Dans les traditions orientales, il est dit qu'avidya, l'ignorance, est la source de tous les maux, aussi bien physiques que psychiques et cosmiques. A-vidya veut dire exactement la même chose qu'a-théos, "absence de vision". L'ignorance n'est pas seulement manque de savoir mais méconnaissance de soi et du Soi, oubli de l'Être (brahman) qui nous fait être. On ne parlera pas alors seulement de santé ou de salut, quand par la reconnaissance on retrouve notre intimité avec le Soi, avec le Réel infini, on parlera d'Eveil, de sortie de l'ignorance cause de notre malheur, c'est-à-dire de notre identification avec notre "être-pour-la-mort", être-pour-la-mort qu'il ne s'agit pas de nier, puisqu'il est lui-même une manifestation de l'Être non créé, non né. En prendre soin, c'est cesser de l'idolâtrer ou de le mépriser et lui rendre sa transparence, son caractère ontophanique ou théophanique.

Quand les anciens Thérapeutes ou les sages de l'Inde parlent des athées et des ignorants, ce n'est pas pour les juger ou les condamner, mais pour les inviter à aller plus loin, à faire un "pas de plus", un pas au-delà de leurs représentations d'eux-mêmes et du monde, un pas au-delà des images et des symptômes dans lesquels ils se sentent arrêtés. Les Thérapeutes ne peuvent évidemment rien faire pour ceux qui se complaisent dans leur ignorance ou qui font de cette ignorance la condition même de l'homme et ne veulent à aucun prix en sortir, la conscience de l'absurdité de leur vie leur apparaissant comme la plus grande lucidité et la plus haute connaissance.

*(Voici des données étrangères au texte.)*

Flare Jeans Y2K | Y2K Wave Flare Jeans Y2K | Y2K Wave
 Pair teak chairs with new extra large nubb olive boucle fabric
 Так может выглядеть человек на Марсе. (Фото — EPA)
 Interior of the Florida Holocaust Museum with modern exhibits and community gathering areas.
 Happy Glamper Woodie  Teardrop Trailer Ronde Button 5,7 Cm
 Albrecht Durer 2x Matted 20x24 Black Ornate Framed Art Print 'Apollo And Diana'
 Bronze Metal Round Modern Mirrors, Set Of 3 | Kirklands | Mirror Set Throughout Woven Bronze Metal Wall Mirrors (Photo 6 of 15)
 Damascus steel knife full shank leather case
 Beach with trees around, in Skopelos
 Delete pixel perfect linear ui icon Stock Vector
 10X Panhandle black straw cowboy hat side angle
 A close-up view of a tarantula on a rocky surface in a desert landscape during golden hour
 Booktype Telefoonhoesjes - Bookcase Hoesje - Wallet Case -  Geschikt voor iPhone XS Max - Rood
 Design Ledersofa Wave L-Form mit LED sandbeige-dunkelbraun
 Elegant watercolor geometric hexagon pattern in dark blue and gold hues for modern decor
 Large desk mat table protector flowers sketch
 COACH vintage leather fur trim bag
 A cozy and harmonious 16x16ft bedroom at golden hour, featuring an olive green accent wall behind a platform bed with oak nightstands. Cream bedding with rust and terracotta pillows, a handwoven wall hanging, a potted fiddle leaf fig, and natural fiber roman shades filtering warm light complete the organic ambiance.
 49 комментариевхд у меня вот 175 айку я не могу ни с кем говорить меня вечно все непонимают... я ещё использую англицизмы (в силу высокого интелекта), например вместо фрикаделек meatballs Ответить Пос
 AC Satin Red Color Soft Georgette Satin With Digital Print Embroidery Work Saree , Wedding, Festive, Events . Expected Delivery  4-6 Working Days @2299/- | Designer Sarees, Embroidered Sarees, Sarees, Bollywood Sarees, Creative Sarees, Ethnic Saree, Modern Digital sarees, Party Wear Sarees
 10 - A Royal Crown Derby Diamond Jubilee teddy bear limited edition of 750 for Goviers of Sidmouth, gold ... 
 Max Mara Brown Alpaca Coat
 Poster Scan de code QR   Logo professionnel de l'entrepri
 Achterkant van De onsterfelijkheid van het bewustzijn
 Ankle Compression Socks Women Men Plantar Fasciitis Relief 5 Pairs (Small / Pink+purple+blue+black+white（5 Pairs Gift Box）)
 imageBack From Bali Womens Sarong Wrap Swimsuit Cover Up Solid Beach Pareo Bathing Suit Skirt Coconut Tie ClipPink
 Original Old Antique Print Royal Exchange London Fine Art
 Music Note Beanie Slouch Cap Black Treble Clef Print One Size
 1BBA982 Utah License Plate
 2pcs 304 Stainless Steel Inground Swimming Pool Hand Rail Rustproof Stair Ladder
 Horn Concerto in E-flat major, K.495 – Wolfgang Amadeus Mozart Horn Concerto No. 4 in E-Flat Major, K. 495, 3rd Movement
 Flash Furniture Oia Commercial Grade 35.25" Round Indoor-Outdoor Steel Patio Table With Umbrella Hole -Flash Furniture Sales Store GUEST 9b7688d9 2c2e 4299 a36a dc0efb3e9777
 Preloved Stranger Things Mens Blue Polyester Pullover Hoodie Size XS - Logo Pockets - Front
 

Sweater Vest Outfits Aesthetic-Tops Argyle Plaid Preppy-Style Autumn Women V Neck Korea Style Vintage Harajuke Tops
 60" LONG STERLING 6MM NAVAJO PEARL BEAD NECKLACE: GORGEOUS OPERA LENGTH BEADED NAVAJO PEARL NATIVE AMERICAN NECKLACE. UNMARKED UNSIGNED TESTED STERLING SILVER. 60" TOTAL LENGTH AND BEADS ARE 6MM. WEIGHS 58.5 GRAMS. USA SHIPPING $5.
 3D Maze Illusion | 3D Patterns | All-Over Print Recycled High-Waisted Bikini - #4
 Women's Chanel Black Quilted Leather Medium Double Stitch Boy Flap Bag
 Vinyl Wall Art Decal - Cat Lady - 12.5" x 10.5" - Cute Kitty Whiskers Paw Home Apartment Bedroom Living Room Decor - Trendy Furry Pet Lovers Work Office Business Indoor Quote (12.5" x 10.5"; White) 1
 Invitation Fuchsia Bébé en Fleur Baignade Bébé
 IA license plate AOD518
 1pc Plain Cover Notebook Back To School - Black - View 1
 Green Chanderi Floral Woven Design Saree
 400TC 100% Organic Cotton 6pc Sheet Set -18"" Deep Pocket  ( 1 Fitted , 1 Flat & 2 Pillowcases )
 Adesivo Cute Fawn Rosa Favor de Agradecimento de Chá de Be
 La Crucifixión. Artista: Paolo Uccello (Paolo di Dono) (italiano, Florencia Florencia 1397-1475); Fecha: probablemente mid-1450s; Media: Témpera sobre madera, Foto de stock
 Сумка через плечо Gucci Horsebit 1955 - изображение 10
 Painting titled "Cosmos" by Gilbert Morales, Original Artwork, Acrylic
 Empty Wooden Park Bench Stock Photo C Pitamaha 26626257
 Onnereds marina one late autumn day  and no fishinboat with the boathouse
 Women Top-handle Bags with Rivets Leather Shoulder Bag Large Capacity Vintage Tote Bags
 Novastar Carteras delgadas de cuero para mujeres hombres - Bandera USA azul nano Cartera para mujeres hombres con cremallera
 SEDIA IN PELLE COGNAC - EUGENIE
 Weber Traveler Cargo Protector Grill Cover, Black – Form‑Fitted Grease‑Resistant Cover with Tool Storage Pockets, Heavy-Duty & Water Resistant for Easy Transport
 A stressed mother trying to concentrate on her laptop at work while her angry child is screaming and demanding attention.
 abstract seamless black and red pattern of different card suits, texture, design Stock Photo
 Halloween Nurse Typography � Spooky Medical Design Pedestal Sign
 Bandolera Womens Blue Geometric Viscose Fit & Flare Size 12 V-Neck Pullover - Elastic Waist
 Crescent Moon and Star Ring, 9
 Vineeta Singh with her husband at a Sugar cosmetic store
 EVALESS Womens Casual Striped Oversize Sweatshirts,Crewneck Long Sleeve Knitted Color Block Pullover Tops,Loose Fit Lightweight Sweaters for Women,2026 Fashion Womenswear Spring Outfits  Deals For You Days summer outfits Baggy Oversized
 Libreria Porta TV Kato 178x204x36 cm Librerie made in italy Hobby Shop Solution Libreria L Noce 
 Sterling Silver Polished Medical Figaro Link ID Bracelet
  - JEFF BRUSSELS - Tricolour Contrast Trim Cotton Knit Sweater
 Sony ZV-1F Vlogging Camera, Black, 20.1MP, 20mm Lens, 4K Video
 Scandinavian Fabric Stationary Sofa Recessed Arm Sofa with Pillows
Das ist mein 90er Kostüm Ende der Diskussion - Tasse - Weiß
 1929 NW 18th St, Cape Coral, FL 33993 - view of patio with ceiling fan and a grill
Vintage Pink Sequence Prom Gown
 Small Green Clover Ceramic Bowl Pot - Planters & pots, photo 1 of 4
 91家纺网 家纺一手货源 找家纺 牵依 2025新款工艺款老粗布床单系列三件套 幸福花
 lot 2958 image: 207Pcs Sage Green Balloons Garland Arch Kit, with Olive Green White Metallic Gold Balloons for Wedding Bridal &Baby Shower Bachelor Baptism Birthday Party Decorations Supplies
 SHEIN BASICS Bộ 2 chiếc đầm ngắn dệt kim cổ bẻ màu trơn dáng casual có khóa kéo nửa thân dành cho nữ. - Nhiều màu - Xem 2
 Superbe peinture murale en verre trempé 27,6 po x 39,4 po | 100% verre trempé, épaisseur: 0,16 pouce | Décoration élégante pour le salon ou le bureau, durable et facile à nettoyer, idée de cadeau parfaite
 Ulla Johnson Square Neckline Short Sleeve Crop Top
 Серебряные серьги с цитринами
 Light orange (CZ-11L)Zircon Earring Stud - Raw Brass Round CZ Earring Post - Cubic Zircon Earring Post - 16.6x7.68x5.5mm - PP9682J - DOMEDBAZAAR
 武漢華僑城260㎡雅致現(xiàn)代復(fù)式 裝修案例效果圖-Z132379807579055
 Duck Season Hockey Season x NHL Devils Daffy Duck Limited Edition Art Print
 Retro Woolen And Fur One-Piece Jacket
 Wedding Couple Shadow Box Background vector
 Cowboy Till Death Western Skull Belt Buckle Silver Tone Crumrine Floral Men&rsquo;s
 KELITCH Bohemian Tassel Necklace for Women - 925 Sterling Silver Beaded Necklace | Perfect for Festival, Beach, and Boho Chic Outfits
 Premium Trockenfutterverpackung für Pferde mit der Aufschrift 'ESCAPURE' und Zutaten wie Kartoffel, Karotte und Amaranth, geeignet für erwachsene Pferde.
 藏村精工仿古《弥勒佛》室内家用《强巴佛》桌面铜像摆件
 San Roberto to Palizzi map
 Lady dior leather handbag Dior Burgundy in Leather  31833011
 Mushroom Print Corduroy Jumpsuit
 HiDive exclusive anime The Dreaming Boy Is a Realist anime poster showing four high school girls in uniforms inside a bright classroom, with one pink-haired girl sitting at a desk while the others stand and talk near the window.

"Reconnaître qu'on est malade, c'est la moitié de la guérison" dit-on : reconnaître qu'on ne voit pas, c'est le commencement de la vision, reconnaître son athéisme, au sens étymologique, peut être le premier pas vers Dieu. Savoir qu'on ne sait rien, c'est le commencement de la sagesse. C'est peut-être aussi la fin, mais il ne faut pas confondre ignorance stupide et "docte ignorance" ; le silence de celui qui n'a rien à dire n'est pas le silence de celui qui pense avoir suffisamment parlé et qui peut maintenant se taire. Il faudrait distinguer l'athéisme de l'ignorant, qui ne croit pas en Dieu, et l'athéisme du mystique, qui ne croit pas en "un" Dieu, mais qui adhère à ce "Dieu au-delà des dieux", dont parlent Philon d'Alexandrie et ses successeurs...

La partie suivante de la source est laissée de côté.